● Work required
Start with the line that holds "в овальной коробке". Please copy it and each remaining line below exactly, leaving pictures out.

● Raw data
== Segment start ==

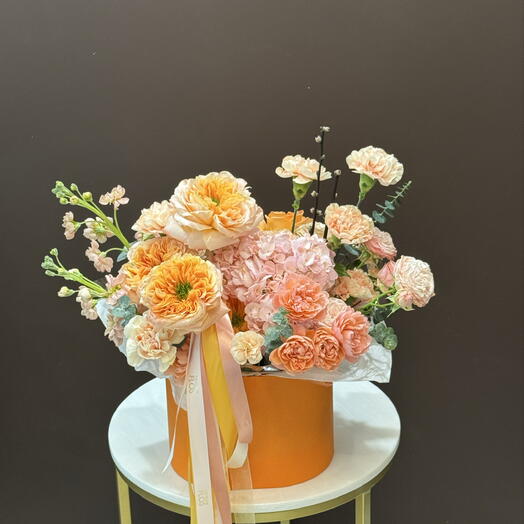Peach Dolce 
— композиция в овальной коробке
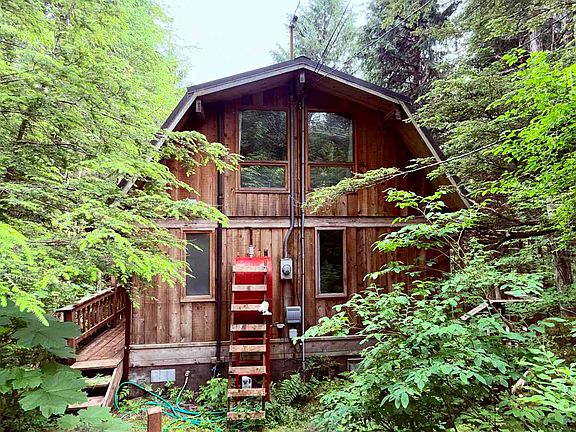 2nd image of 2222 Sawmill Creek Rd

== Segment end ==

● Written reply
— композиция в овальной коробке
 2nd image of 2222 Sawmill Creek Rd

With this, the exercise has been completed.